Mehr Steuern als Gewinn – die Touristik rebelliert

F.A.Z. vom 25. Juli 2014 Urlaubskonzerne streiten mit Finanzämtern über Millionen und eine sonderbare Steuerbestimmung. Ein Finanzminister zeigt Bereitschaft, die Regeln nachzubessern.

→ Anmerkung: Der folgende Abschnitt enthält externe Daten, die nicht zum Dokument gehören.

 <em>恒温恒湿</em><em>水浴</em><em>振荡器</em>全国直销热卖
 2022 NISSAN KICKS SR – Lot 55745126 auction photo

Wenn den Urlaubsveranstalter Willi Verhuven derzeit etwas quält, dann sind es nicht die Buchungszahlen. Diesmal dreht sich alles um die Gewerbesteuer. „Das quält mich schon“, sagt Verhuven, Gründer und Eigentümer des Reiseveranstalters Alltours. In den Beginn der Ferienzeit, in der jeder Touristiker gern über die Vorzüge von Fuerteventura, Antalya oder Kroatien spricht, platzten bei Alltours die Folgen der Gewerbesteuerreform 2008. Das Unternehmen soll nach einer Betriebsprüfung des Finanzamts Steuern für mehrere Jahre nachzahlen – Branchenkreisen zufolge einen mittleren zweistelligen Millionenbetrag. Für ein Jahr übersteigt die Steuerlast sogar den Gewinn. Die Serie von mehr als drei profitablen Jahrzehnten, auf die Verhuven besonders stolz ist, wäre durchbrochen – rückwirkend.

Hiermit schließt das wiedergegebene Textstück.